G1に目途立てたゴートゥファースト、滞在2戦目で上位争いの期待も

日本からゴートゥファーストが参戦し、初めて馬券発売されることになったムーランドロンシャン賞。試金石のジャックルマロワ賞では見せ場十分の5着と目途を立てる内容を残しており、今回はもう一歩の前進に期待が高まる。同日のフォワ賞で凱旋門賞へ向けて始動するビザンチンドリームともども楽しみにしたい。

秋のパリは天気も気になるところだが、現地気象台の予報では週末にかけてにわか雨こそあるものの、概ね晴れで極端な馬場の悪化は避けられそう。また、舞台のパリロンシャン競馬場では夏場にフォルスストレートの排水などコース全体の改修工事を実施し、8月末から運用を開始した。馬場のコンディションが安定するまで1か月ほど要すとのことだが、凱旋門賞を占う上でも見逃せないポイントになる。

ジャックルマロワ賞のゴートゥファーストは直前を走る勝ち馬に突き放されての5着。約3馬身差は完敗で、上位4頭のレーティングからも実力が反映された内容と受け止められる。ただ、海外遠征やG1挑戦、直線レースという初物尽くしの状況から、休み明けから叩き2戦目、コーナーのあるコースと好転する条件に上位争いの可能性も見いだせる。

前売り人気はロザリオンとアンリマティスが頭ひとつ抜けた存在となっている。ロザリオンは1番人気に推されていたジャックルマロワ賞を脚の打撲により直前で回避したが、1週間と開けずにG1シティオブヨークSに出走した。結果は4着も1馬身圏内の接戦を演じており、不安が解消されたなら今回も持ち味の堅実性で勝ち負けに加わってきそうだ。


前売り上位人気のロザリオン。(Photo by Getty Images)

アンリマティスは4か月前に今回と同舞台の仏2000ギニーを制している。その後はセントジェームズパレスS(2着)、サセックスS(3着)とG1で手堅いながらも2連敗し、サセックスSでは道中並走のロザリオンに2馬身1/4差をつけられた。当時と同様に僚馬セレンゲティをペースメーカーに使うようだが、ジャックルマロワ賞では逃げる作戦が裏目に出たというザライオンインウィンターとともに、チームでの対抗策が必要かもしれない。

5月のロッキンジSでは1着リードアーティスト、2着ダンシングジェミナイが、3着のロザリオンに2馬身余り先着。ただし、当時のロザリオンは11か月ぶりの休み明けで、それぞれ次戦のクイーンアンSでは逆転された。実際にG1を勝っており、ロッキンジSが初挑戦でもあったリードアーティストには伸びしろがありそうな一方、ダンシングジェミナイは前走のジャックルマロワ賞でも最後に脚勢が鈍って惜敗。昨年の仏2000ギニーで2着の舞台実績を頼みに詰めの甘さを埋め合わせできるか。

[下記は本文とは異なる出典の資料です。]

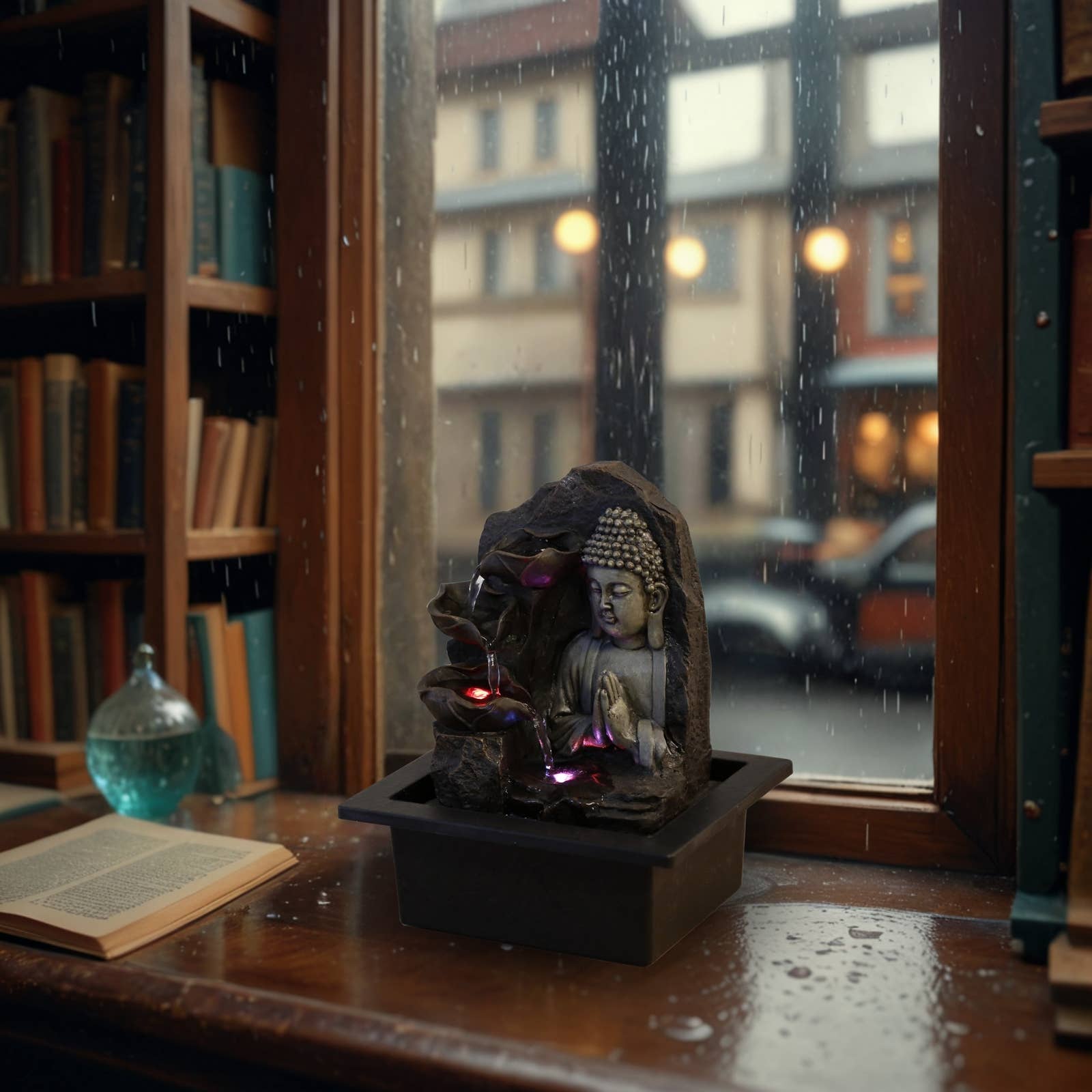 Zen'Arôme – Ornamento por atacado – Fonte Buddha Spiritualidade - Atmosfera Zen com Luzes LED6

前走で7月のG3メシドール賞に出走していたのはクドワー(1着)、アルカントール(4着)、マハバヤサナフィ(9着)の3頭。その比較ではクドワーを上位と見るのが順当だが、過去のG1挑戦では壁を感じさせている。一方、アルカントールは昨年の仏2000ギニーでダンシングジェミナイと短クビ差(3着)、マハバヤサナフィも2年前に仏2000ギニー勝ちという同舞台でのG1実績がある。

アルカントールはムーランドロンシャン賞で最多8勝を誇るA.ファーブル調教師の管理馬。凱旋門賞前日のG2ダニエルウィルデンシュタイン賞でも3着とコース適性は高そうで侮れない面がある。前々走は良馬場のG2ベット365マイルでダンシングジェミナイに完敗しており、クドワーともども好走には少しでも天気の助けが欲しい。また、マハバヤサナフィの仏2000ギニーは9頭立ての8番人気という人気薄。その後はG3とリステッドで計2勝しかできておらず、再び大駆けがあればというところ。

仏2000ギニーの出走経験では今年の9着馬サーランが追加登録してきた。当時はスタート直後の不利で後方2番手からの追走となり、最後も馬群を縫うようにしてゴールという不本意な内容。前走のG3ダフニス賞では直線半ばまで前が壁になるも、一気に抜け出すと最後は抑える余裕で重賞初制覇を飾った。通算5戦と発展途上には違いないが、約1000万円の追加登録料を回収するには3着以上の結果が必要で軽視禁物か。

パーシカはロッキンジSで先行するスピードこそ見せたものの、ペースが上がった終盤についていけなくなり最下位。それを含む過去3戦のG1では完敗している。ちなみにロザリオンと同厩だが馬主は異なる。